Discussion in 'Motors' started by Mercenary Keyboard Warrior, Nov 19, 2018.

  1. Mercenary Keyboard Warrior

    Sgarrista

    Joined: Aug 4, 2007

    Posts: 8,354

    Location: Wilds of suffolk

    So with the "debate" in another thread about drivers aids etc it got me wondering

    We have become very used to things like 300bhp FWD / RWD cars which are using quite a lot of technology to make them easy to drive with that amount of power

    If the tech making this easy disappeared would you still drive what you do now

    So the sorts of thing I mean, ABS, traction, active stability systems etc

    I think I could do the TT, its not the most powerful, its got good balance, its got plenty of tyre for the power etc, its 100% Audi in that its pretty understeery so would naturally retard enthusiasm in eg the wet.
    But make it a dark rainy night down country roads with mud etc, I think i would be cutting back a lot.

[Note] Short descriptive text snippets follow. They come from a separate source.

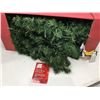 Image 1 : 20ft Pre-Lit Noble Fir Garland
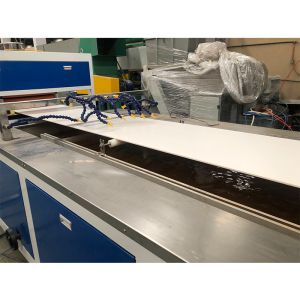 Energy Efficient Plastic Extruder Machine Custom Profile Manufacturing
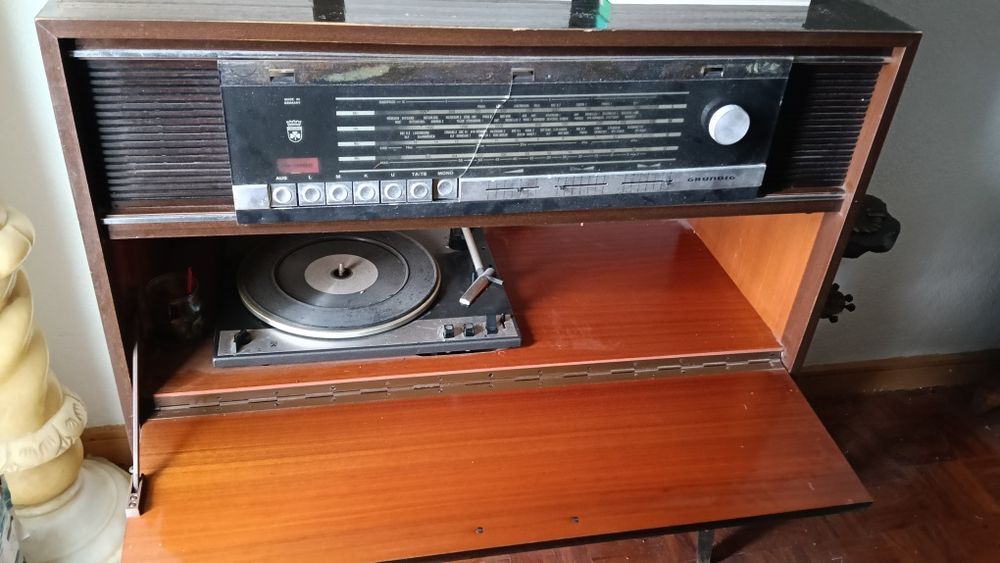 Radio e gira discos Grundig vintage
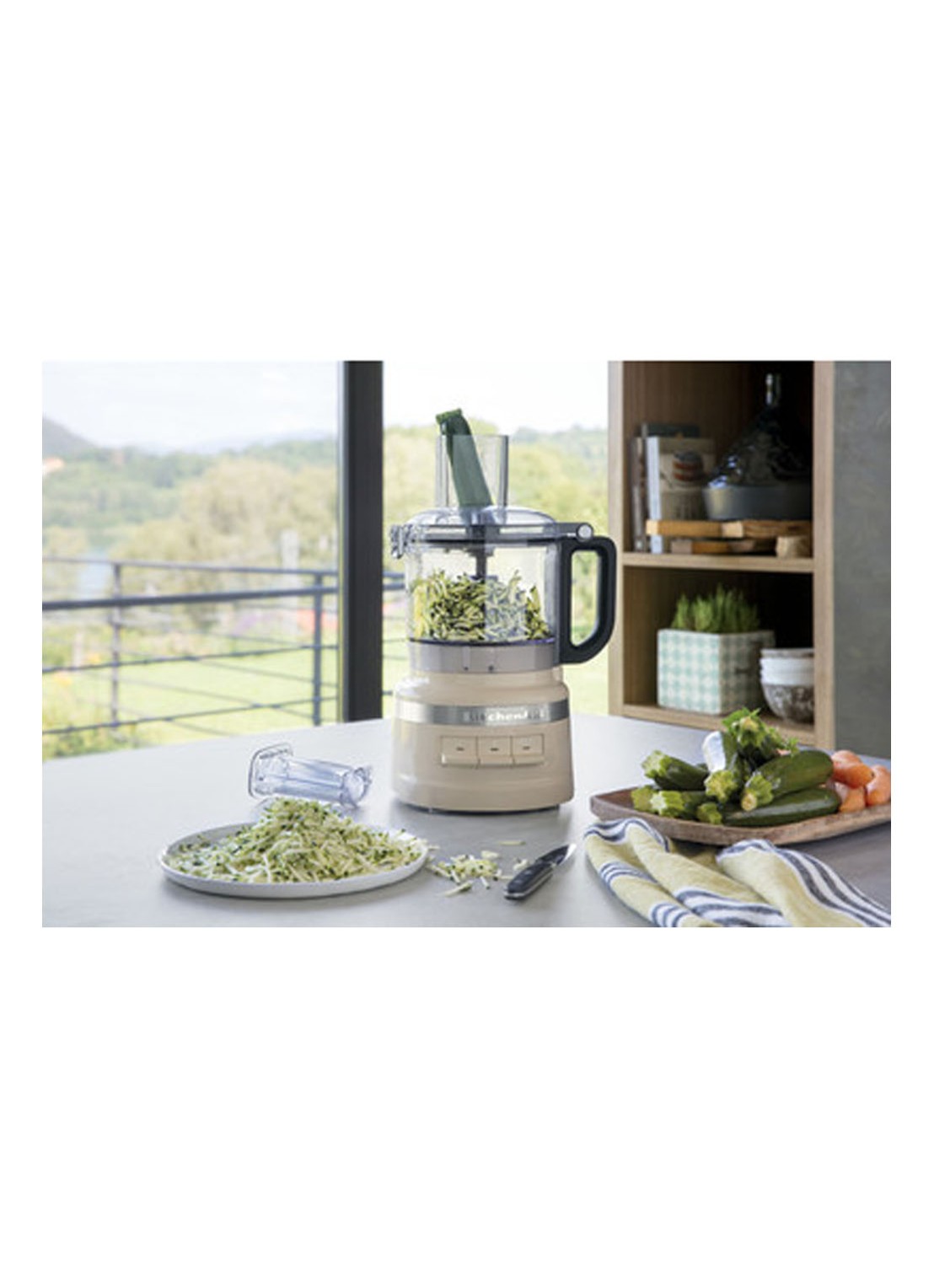 KitchenAid Foodprocessor 1,7 liter 5KFP0719 - Amandelwit - voorkant 2 creme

    More than anything though i am thinking cars like Civic Type R, or things like M140i which to all intents are easy drives considering the performance. I cant imagine most of these cars would sell in anywhere near the numbers they do now without all the tech. I think a 140i would be a scary prospect on a wet dark country road to even drive remotely close to what you could do now.

    Just curious what others think :)
     
  2. daz

    Capodecina

    Joined: Oct 18, 2002

    Posts: 23,845

    Location: Bucks

    My Corvette doesn't have any driver aids, and it certainly makes you think about how you use the power. It will break traction with the smallest amount of additional throttle input when going around a roundabout, especially in anything less than the bone dry. On the one hand, it makes it quite fun, but on the other you'd not want to have to make sudden changes of direction at high speed so you can see why driver aids exist.
     
  3. -westy-

    Capodecina

    Joined: Nov 7, 2002

    Posts: 12,211

    Location: UK

    Yes, I would without hesitation. To be fair it's a 200bhp Saab, so not exactly setting the world alight, but I've driven multiple RWD cars without driver aids and not had a problem. It just makes you much more aware of the road conditions.
     
  4. Outcast

    Mobster

    Joined: Jan 25, 2008

    Posts: 2,868

    Location: Peterboro, Distro:Ubuntu

    As the previous owner of 4 V6 Capris and 1 16L I think I can say "yup".
    I must admit that I like leccy windows, mirrors, power steering & central locking though. Also if my car had been available as an auto I'd have opted for that !
     
  5. bimbleuk

    Wise Guy

    Joined: Sep 10, 2009

    Posts: 1,477

    Location: Gloucestershire

    I do drive a V8 RX7 with zero driving aids but only in the summer and generally in dry conditions though it can be fun in the wet it's better left for the track.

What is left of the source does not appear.